«Hemos rechazado todo aquello que en nosotros anhelaba la bestia»: Malraux, acerca de la grandeza humana; la del animal que se sabe a un milímetro del monstruo y que combate desesperadamente consigo mismo para no serlo. Me ha retornado Malraux mientras leía el último texto de uno de los grandes intelectuales europeos actuales y uno de sus pocos sabios: Joseph Ratzinger, hoy Papa, pero igual de grande en lo teológico desde sus años profesorales a final de los cincuenta. No es necesario creer en nada, salvo en la inteligencia, para apreciar la elegancia conceptual de Benedicto XVI. Puede que sea incluso más sencillo.
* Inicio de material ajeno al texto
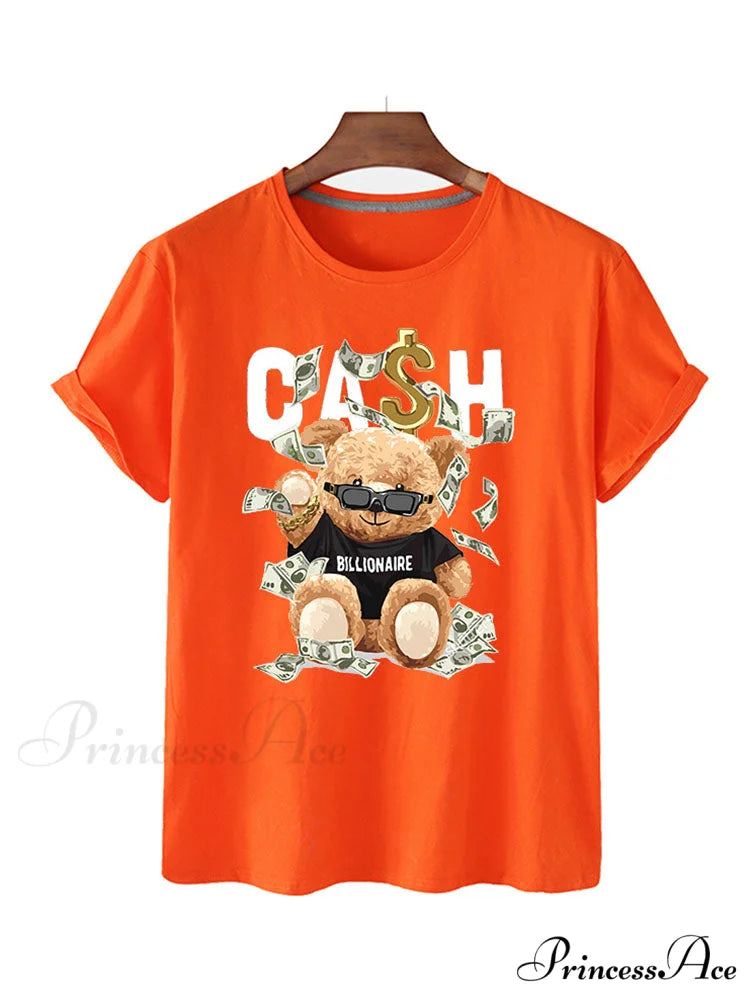 Cash Rolls Graceful Short Sleeve Tops Orange / S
La Carta pastoral a los católicos de Irlanda del 19 de marzo es un tratado de los monstruos. Repleto de sabiduría. Y de piedad. Ambas son lo mismo: ¿y quién no recuerda la pena de la criatura de Frankenstein en la película prodigiosa de James Whale: «soy malo porque sufro», soy un monstruo porque sufro, soy un monstruo porque soy humano?
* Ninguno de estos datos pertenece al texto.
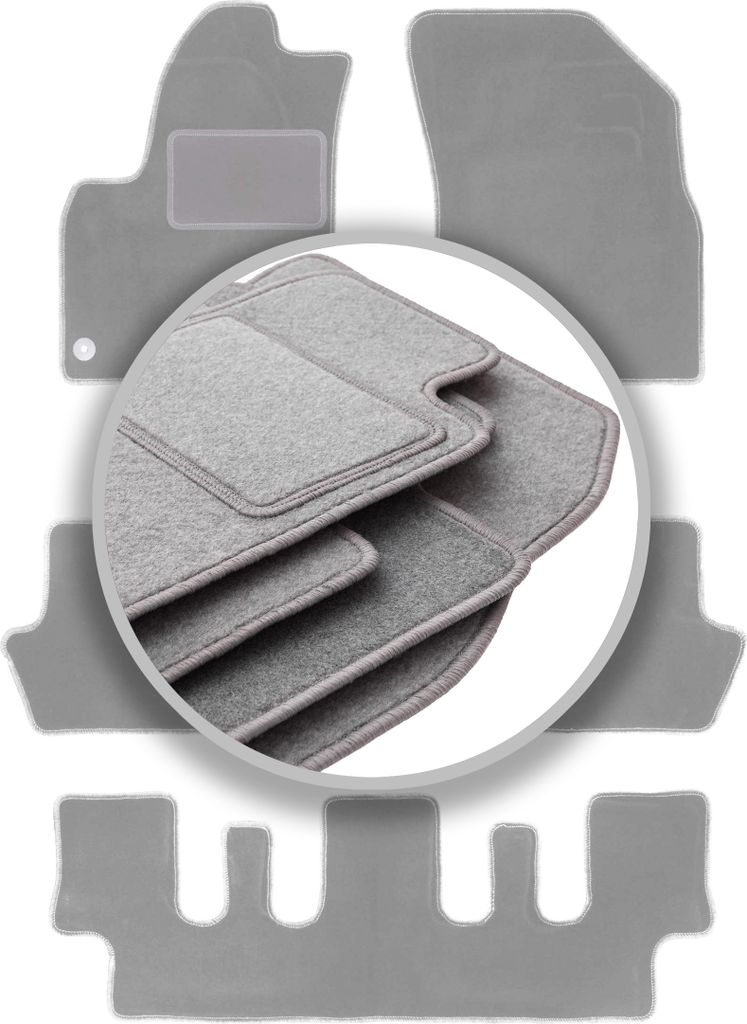 Autoteppiche Aschgrau für: Citroen C4 Picasso I 7-Sitzer (2006-2013)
Los monstruos son signo de lo más encubierto del alma humana: «monstruo de sueños», llama al alma Malraux. Signo de lo más oscuro. También, de aquello que nos horroriza porque lo sabemos parte del coste sombrío de ser hombre. El monstruo es la parte de lo humano que nadie soporta ver. Y ante la cual decimos sorprendernos, porque es demasiado duro afrontar hasta qué punto su vergüenza acecha a todo aquel que renuncie a darle seca batalla.
El abuso sexual de los menores -en torno al cual en la Iglesia irlandesa gira la dolorosa carta de Ratzinger- es uno de los más universales horrores que anidan en el inconsciente humano. Sabemos, desde Freud, hasta qué punto esa pesadilla acompaña -como amenaza o como realidad- los terrores infantiles. Y, desde Freud, sabemos cuán difícil es separar en ellos pesadilla y vigilia. Y las incurables amputaciones que en el alma del adulto dejan, sea consciente de ello el adulto o no. El viejo maestro Althusser describía elegíacamente, hace medio siglo, ese dolor sin cura del hombre adulto, aquel «superviviente de la única guerra sin memoria ni memoriales», que sólo vive de todas las heridas a las cuales, bien que mal, logró resistir.
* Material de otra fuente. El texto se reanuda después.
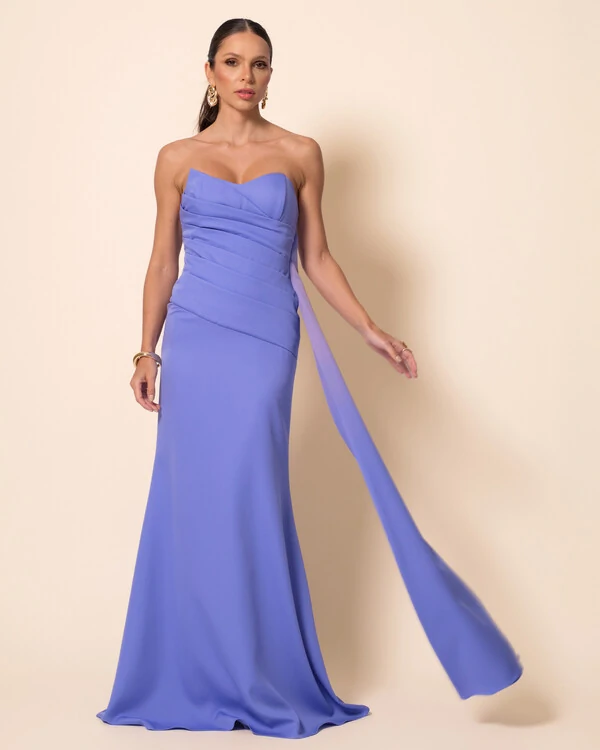 Vestido de Festa Longo Alfaiataria Tomara que Caia Drapeado Faixa Lilás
Benedicto XVI, que como Papa escribe a la grey que le fue encomendada, lo hace con todo el saber de Ratzinger. No oculta lo peor: que la rotura anímica que la agresión infantil impone no curará nunca en la edad adulta. Y que el consuelo espiritual no exime de la justicia. «Habéis traicionado -interpela a los clérigos violadores- la confianza depositada en vosotros por jóvenes inocentes y por sus padres. Debéis responder de ello ante Dios Todopoderoso y ante los tribunales debidamente constituidos». Dios, tiene necesariamente que pensar un Vicario de Cristo, perdona. La ley de los hombres, no. Así tiene que ser, esas son las reglas del juego que distinguen lo divino de lo humano. Transgredirlas es empeorar el mal hecho: «hubo una tendencia -se lamenta el Pontífice- motivada por buenas intenciones, pero equivocada, de evitar los enfoques penales de las situaciones canónicamente irregulares». La ley debe primar ahora. Y la Iglesia cargar con el coste de no haber velado lo bastante sobre sus pastores. Es duro aceptar esa culpa. Y admirable que un Papa se atreva a decirlo: «Todos nosotros estamos sufriendo las consecuencias de los pecados de nuestros hermanos que han traicionado una obligación sagrada o no han afrontado de forma justa y responsable las denuncias de abusos». Y en la asunción de esa culpa colectiva, Benedicto XVI persevera en el rigor teológico de Ratzinger. Admirable. Aun para aquel que no cree. Para él, sobre todo.